École de la chasteté. Ce mot, d’où dérive le mot inceste (in-cestus en latin), signifie le refus de dominer l’autre. La chasteté est une vertu non seulement pour les religieux, mais aussi dans la famille. D’abord dans le couple, où le mari doit respecter sa femme, qui doit elle-même être à l’écoute de son corps (de là vient la méthode de régulation des naissances). Entre les parents et leurs enfants ensuite : ceux-ci ne leur appartiennent pas, ils doivent donc  respecter leurs personnalités, même si elles ne correspondent pas à ce qu’ils avaient rêvé. C’est ainsi qu’Abraham a dû apprendre à respecter la liberté de son épouse (Saraï, ma princesse, devenue Sarah, princesse « tout court[i] » Gn 17) et de son fils (Isaac, qu’il a accepté de laisser partir après l’épisode de son sacrifice, où c’est finalement un bouc que Dieu a demandé en holocauste – Gn 22). De même, Joseph et Marie ont dû accepter de respecter la vocation de Jésus, lorsqu’à 12 ans, il a fait une « fugue » et leur a dit au Temple : « Comment se fait-il que vous m’ayez cherché ? Ne le saviez-vous pas ? C’est chez mon Père que je dois être. » (Lc 2,49) Dans ma famille, je dois respecter l’autre tel qu’il est.

 

Ainsi, frères et sœurs, la famille est une école où l’on apprend à aimer selon la pauvreté de cœur, l’obéissance à Dieu et la chasteté. La première est source de reconnaissance, la seconde de paix[ii], et la troisième de respect. La société de consommation dans laquelle nous vivons est aux antipodes de ces valeurs. Aussi bien le conjoint que les enfants sont souvent considérés comme des matières consommables, comme le reste. J’ai déjà évoqué la proportion de divorces, voici quelques autres chiffres : 200 000 enfants sont avortés chaque année en France ; des milliers d’autres sont congelés en l’absence de projet parental, ou pour des recherches dites « thérapeutiques »[iii]; des femmes louent leur ventre pour d’autres, ce qu’on appelle la GPA (gestation pour autrui)… Il ne s’agit pas de condamner les personnes qui sont concernées par tous ces drames, car elles sont avant tout les victimes de la « culture de mort » de notre société. Il s’agit au contraire de les aider, et de promouvoir une culture de la vie, « l’évangile de la Vie », selon le titre d’une encyclique magnifique du Pape Jean-Paul II. Aujourd’hui, frères et sœurs, rendons grâce au Seigneur pour notre famille, et prenons exemple sur Joseph, Marie et Jésus pour faire grandir chacun de ses membres dans l’amour. Mais luttons aussi pour que non seulement les chrétiens mais aussi tous les hommes prennent toujours mieux conscience que nous formons une grande famille, comme la pandémie depuis un an et comme le pape François dans sa dernière encyclique (« Tous frères ») nous le rappellent.
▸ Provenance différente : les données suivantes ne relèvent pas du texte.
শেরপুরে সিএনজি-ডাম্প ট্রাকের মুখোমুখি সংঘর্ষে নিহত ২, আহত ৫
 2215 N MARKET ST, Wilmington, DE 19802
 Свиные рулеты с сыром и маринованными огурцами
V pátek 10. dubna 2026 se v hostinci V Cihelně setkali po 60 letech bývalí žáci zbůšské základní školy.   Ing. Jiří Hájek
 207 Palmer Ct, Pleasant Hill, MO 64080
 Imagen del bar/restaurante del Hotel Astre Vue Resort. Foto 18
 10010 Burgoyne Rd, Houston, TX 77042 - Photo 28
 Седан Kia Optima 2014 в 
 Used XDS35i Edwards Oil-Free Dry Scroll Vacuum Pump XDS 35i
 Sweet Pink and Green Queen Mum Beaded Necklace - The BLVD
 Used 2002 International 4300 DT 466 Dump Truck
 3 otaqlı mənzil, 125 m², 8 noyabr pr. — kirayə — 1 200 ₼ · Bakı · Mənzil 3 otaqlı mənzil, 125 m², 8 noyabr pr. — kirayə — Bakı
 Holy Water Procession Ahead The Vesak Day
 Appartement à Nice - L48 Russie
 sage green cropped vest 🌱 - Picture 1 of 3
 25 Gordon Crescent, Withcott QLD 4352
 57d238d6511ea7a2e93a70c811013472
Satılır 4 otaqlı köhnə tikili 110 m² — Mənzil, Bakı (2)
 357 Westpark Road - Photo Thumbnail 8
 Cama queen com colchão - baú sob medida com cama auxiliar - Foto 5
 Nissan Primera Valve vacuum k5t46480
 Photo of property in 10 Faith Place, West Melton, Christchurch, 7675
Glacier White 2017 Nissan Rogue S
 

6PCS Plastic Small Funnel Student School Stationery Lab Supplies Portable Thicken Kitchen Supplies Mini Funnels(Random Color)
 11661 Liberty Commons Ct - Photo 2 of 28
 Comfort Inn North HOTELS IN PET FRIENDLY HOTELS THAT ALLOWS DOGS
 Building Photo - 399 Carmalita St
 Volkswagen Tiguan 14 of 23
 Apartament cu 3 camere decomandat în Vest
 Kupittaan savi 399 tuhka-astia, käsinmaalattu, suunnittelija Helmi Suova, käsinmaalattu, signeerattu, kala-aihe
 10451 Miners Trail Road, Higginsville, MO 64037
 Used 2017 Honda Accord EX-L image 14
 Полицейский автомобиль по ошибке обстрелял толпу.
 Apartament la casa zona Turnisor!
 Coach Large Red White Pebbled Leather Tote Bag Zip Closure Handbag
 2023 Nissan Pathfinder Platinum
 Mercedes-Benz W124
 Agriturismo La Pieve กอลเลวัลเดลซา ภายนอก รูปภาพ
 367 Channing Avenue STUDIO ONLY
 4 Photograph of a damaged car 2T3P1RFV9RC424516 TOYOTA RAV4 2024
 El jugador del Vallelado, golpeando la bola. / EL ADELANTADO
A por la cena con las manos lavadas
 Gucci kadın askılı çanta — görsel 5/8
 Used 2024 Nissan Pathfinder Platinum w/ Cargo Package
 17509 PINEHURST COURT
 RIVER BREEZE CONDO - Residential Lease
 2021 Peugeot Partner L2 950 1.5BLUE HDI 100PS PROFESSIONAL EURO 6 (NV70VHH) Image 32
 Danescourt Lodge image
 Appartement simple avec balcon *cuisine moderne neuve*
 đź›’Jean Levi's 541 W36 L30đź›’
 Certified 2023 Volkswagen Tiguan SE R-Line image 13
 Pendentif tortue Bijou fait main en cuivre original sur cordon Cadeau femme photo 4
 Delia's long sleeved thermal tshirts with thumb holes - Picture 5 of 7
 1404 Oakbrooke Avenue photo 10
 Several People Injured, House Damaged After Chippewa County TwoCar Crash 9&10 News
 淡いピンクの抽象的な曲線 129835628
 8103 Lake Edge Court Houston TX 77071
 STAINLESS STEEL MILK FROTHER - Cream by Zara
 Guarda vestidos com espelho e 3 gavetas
[i] La lettre hébraïque ï indique le possessif.

[ii] Saint Jean XXIII l’avait bien compris, lui qui avait choisi comme devise épiscopale : obedientia et pax.

[iii] Dans ce tableau très sombre, une lumière a jailli en 2012, lorsque le professeur Yamanaka a reçu le prix Nobel pour avoir démontré qu’il était possible  de rajeunir des cellules de l’organisme adulte, et de les rendre pluripotentes.